For the Zhuoshui River (Figure 6A), reaches of low and moderate sensitivity alternate from Z1 to Z6. The most sensitive reaches appear at Z7, where the valley expands significantly, and Z8, where a large tributary named Qingshui Stream joins. The most downstream reaches (Z9 and Z10) are of low sensitivity. For the Gaoping River (Figure 6B), the upstream reach G1 is moderately sensitive, following the two highly sensitive reaches G2 and G3, and ending with three relative stable reaches, G4–G6.
5. Discussion
5.1. The Influence of Valley Width and Hydraulic Construction upon Channel Planform Changes
The downstream patterns of the channel planform indices show downstream increasing trends in general. This implies that the patterns should be related to the changes of valley width.

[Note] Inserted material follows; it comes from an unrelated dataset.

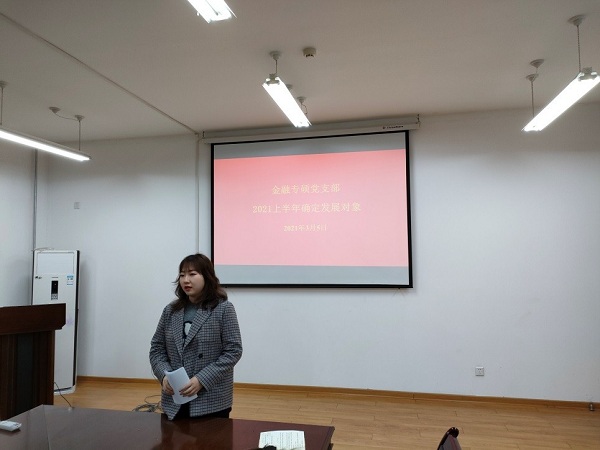 ec196d049d414854a4d462fa95dabfcd.jpg 2.jpg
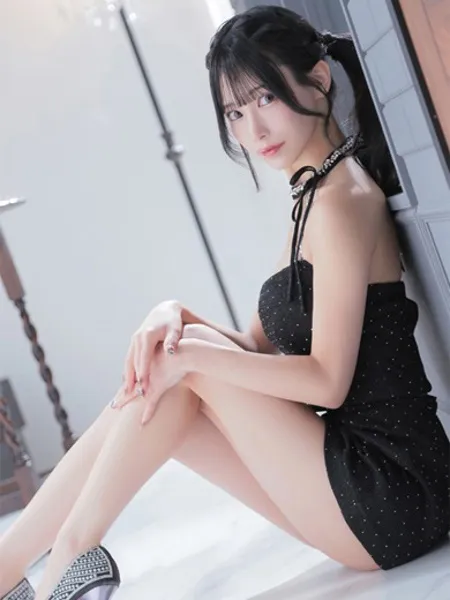 ALICE【アリス】の写真4枚目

We measured channel widths from the satellite images in 2015 by a sampling interval of 2 km from the upstream to downstream end of the study rivers. Each reach would get an average valley width. The relationships between valley widths and the three channel planform indices are described by x-y scatter plots (Figure 7). All the three indices have highly positive correlations with valley width (all of the correlation coefficients > 0.7). This finding indicates that valley width plays a key role in braided degree, active channel width, and channel activity. In terms of braid index, as long as the background environment has abundant sediment (mainly gravels and sands in this case), steep valley slope, and frequent flood events, the wider valley could provide more space for developing braided channels [23,24] and also main channel shifting [25]. The highest braid index occurs in Z7 in the Zhuoshui River and G3 in the Gaoping River. These two reaches are the transitional sections between hills and plains, which have a 3-fold expansion of valley width compared to the upstream reaches (see Table 2) but still have high energies (the channel slope is 0.072 for Z7 and 0.063 for G3). The active channel width and channel activity also increase with valley width (Figure 7B,C). The joining of large tributaries downstream not only expand the valley width but also increase flow discharge, thus active channel width enlarges too. Moreover, a wider valley increases the freedom for channel migration, which implies that the channel paths are highly changeable in the settings of frequent flood events mainly induced by typhoons.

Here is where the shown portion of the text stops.